Recursion in hugo

To teach myself hugo, I wrote a “Table of Contents” generator which recursively traverses the /content directory. My code looks like so:

<section>
  
{{ template "pagination" (dict "dir" .Site.Home.Pages) }}

{{ define "pagination" }}
  <ol>
  {{ range .dir }}
    {{ if (eq .BundleType "branch") }}
        <li><a href="{{ .RelPermalink }}">{{ .Title }}</a>
        {{ template "pagination" (dict "dir" .Pages) }}
        </li>
    {{ else }}
      <li><a href="{{ .RelPermalink }}">{{ .Title }}</a></li>
    {{ end }}
  {{ end }}
  </ol>
{{ end }}

</section>

One of the things I really struggled with as a newbie was how to write a recursive function such as the above, and I ended up relying heavily on the breadcrumb example in Content Sections | Hugo

I’d be interested in hearing from more experienced Hugo coders on whether my beginner code above is good or not.

Your “beginner code” taught me that using template and define makes actually sense in some parts.

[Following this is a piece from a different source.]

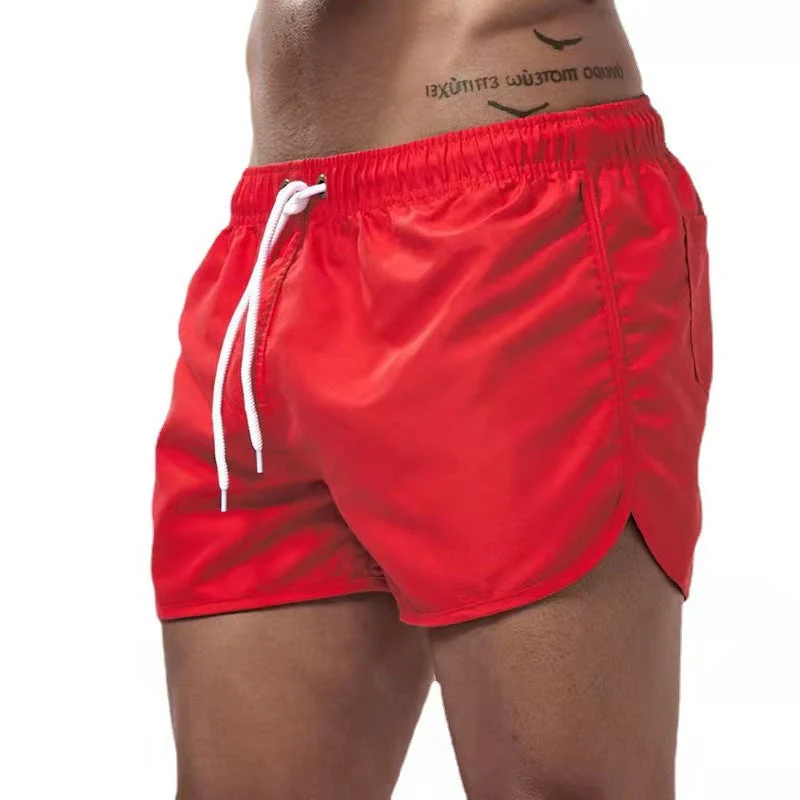 Heidi-Mode | Modische Herren Schwimmshorts - Image 2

I would have done the same, but by using a partial that calls itself*. The single advantage of that approach would be that you can add it to more than one location in your website with one line, instead of having to copy the whole define section around.

* everything between define and end in layouts/partials/pagination.html and then calling instead of template to partial "pagination.html" (dict ...).

1 Like

Does Hugo have a head tail to use with this or perhaps a while .Pages equivalent? I would love to see this paired with something like either of those to split X off a subset of a .Pages collection recursively so I can pass a chunk of 2,3,or 4 pages until there are no more.

Right now I’ve found I can do it through Ranging through a .Paginate and passing that but that doesn’t seem correct. I’ve also used a seq first after and some Math to run it through but that is slower than .Paginate

I think you should start with a simpler example like this.

Then you can address the issue of a dictionary as a parameter :wink:

Hugo has ‘first n’ and ‘last n’ functions available in shortcodes.

{{ template "pagination" (dict "dir" .Site.Home.Pages) }}

{{ define "pagination" }}
  <ol>
  {{ range .dir }}

I’m new to hugo. I assume that the “dir” entry in the dictionary argument to the template is what is being picked up in
range .dir

Where is the documentation for this very useful feature? AIUI, normally one has to .Get an argument, either as a named or positional parameter. Does this not apply in the case of a map argument?